* Problem: With the pictures left out, retype exactly the lines below starting at the line that contains "deux bagues ornées" and ending at the line that contains "May include: A keychain".

* Data in this exercise:

----

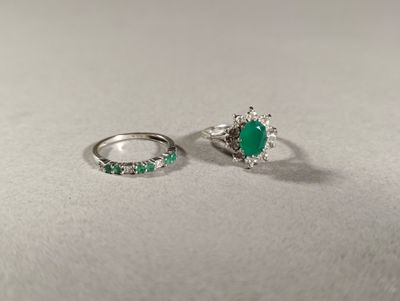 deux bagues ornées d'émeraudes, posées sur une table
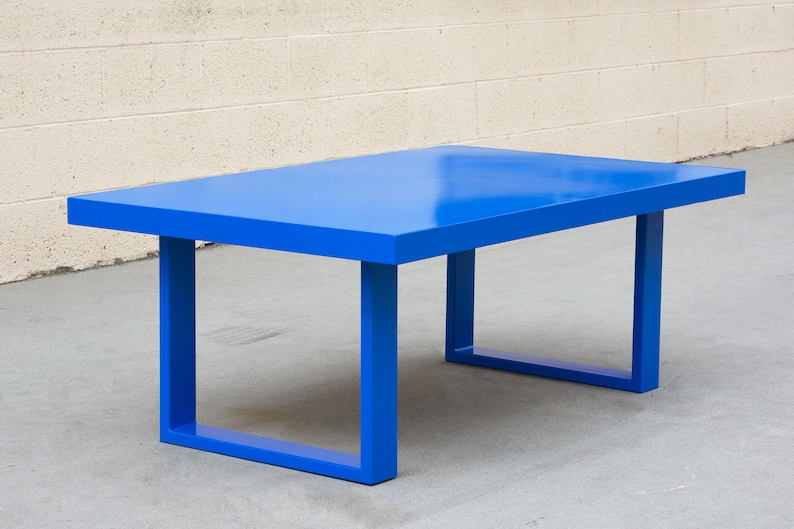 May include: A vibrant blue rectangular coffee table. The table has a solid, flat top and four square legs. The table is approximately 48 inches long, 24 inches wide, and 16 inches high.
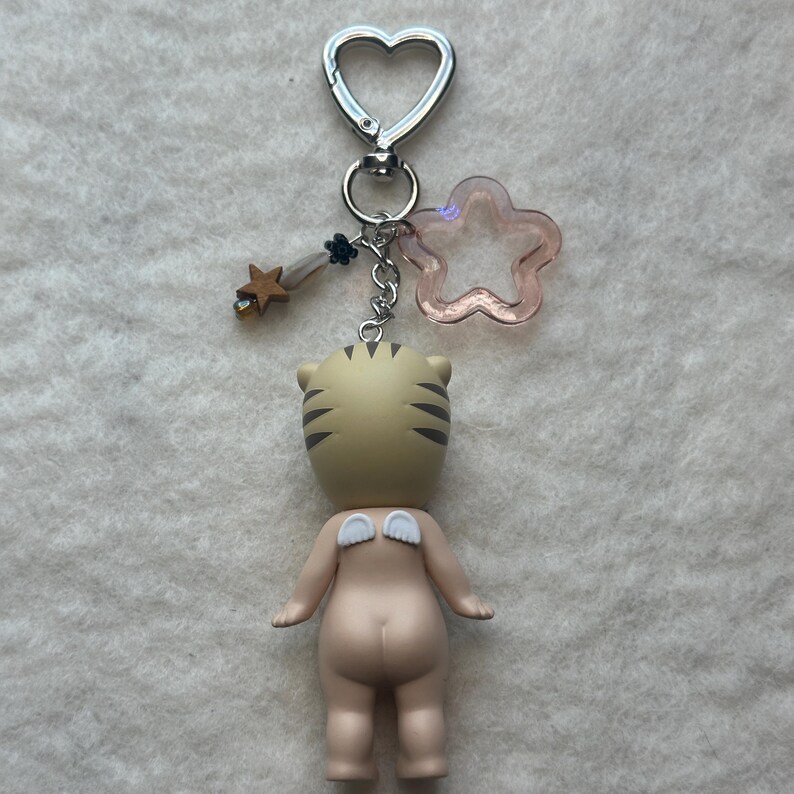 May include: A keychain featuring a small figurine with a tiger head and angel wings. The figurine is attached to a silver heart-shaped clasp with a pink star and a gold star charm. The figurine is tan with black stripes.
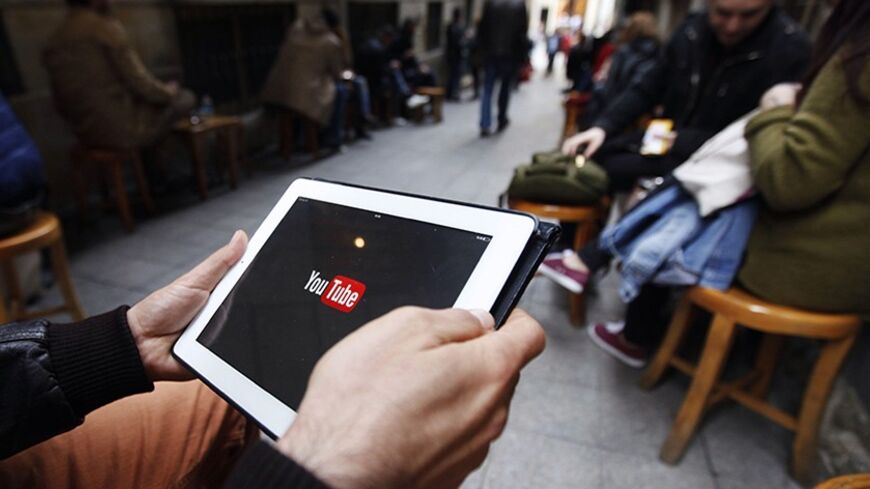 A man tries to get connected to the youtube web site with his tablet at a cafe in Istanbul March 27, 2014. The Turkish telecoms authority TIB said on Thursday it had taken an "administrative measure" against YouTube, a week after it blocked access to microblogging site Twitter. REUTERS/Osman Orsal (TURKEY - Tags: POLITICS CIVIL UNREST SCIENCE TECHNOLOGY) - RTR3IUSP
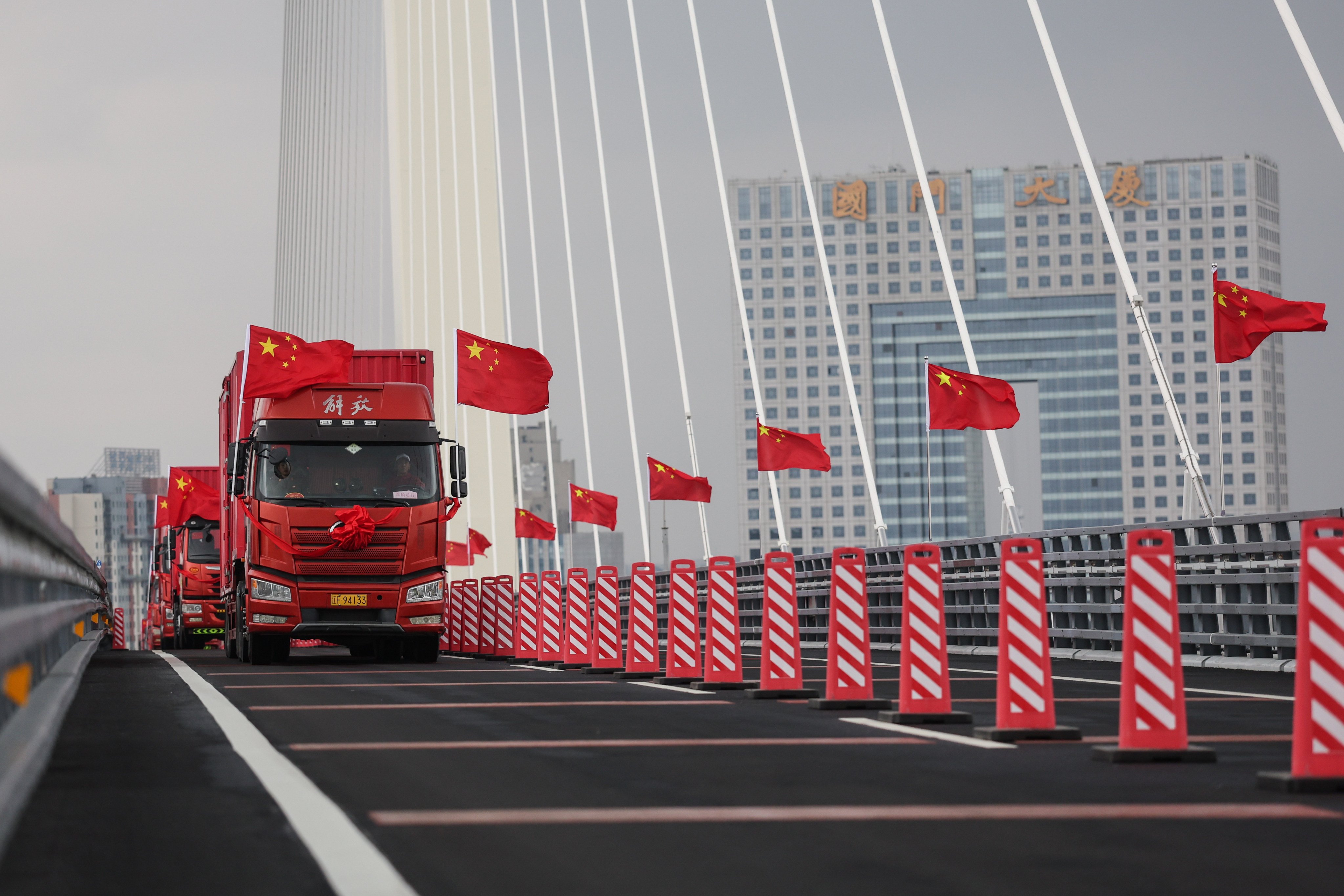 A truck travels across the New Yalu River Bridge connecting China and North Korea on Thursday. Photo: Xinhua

----

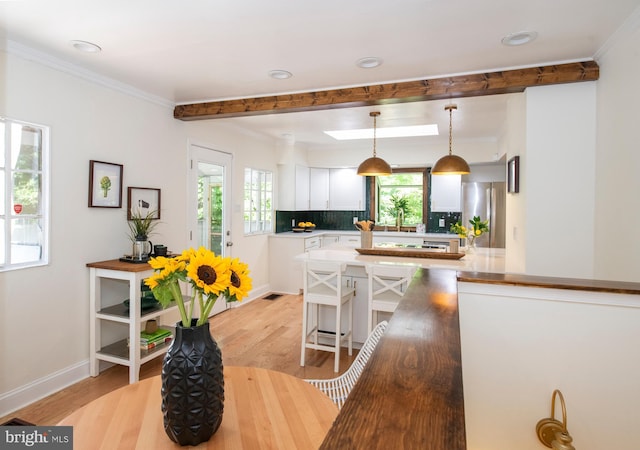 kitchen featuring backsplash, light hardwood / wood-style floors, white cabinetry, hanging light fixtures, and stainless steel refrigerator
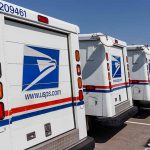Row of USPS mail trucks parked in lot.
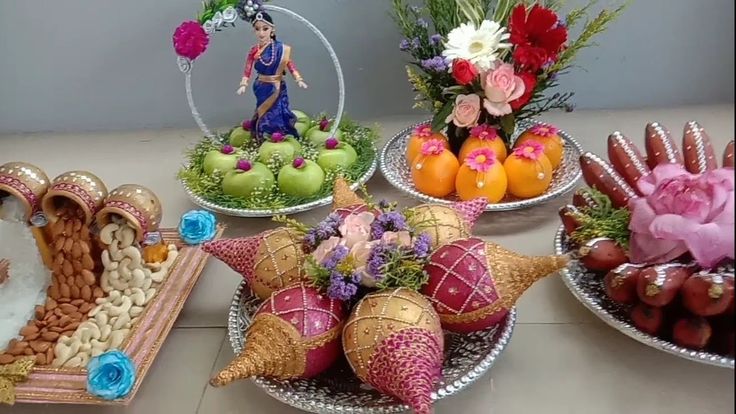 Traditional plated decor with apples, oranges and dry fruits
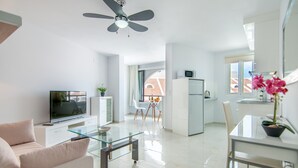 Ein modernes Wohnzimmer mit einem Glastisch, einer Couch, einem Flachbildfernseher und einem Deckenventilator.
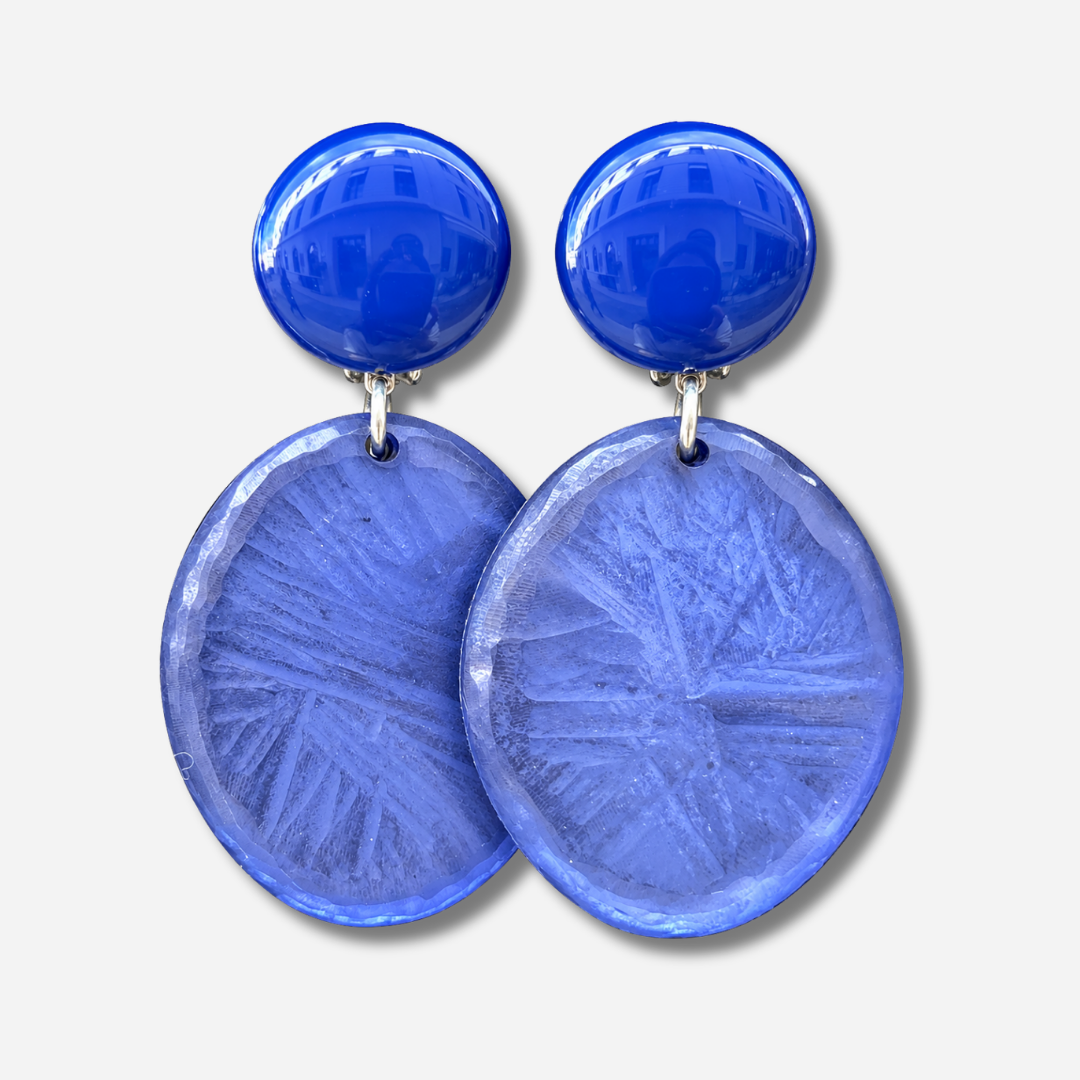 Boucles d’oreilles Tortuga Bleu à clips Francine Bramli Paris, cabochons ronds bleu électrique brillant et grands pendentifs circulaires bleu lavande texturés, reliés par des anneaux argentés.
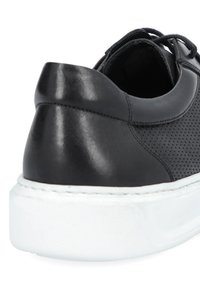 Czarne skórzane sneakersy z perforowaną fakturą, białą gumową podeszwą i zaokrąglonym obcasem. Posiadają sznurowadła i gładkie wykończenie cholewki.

----

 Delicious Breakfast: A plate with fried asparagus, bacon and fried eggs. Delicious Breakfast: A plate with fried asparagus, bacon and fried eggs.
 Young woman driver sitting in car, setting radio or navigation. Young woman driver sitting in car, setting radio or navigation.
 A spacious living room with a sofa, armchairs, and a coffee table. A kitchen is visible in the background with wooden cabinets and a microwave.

----

* Answer for this exercise:
 deux bagues ornées d'émeraudes, posées sur une table
 May include: A vibrant blue rectangular coffee table. The table has a solid, flat top and four square legs. The table is approximately 48 inches long, 24 inches wide, and 16 inches high.
 May include: A keychain featuring a small figurine with a tiger head and angel wings. The figurine is attached to a silver heart-shaped clasp with a pink star and a gold star charm. The figurine is tan with black stripes.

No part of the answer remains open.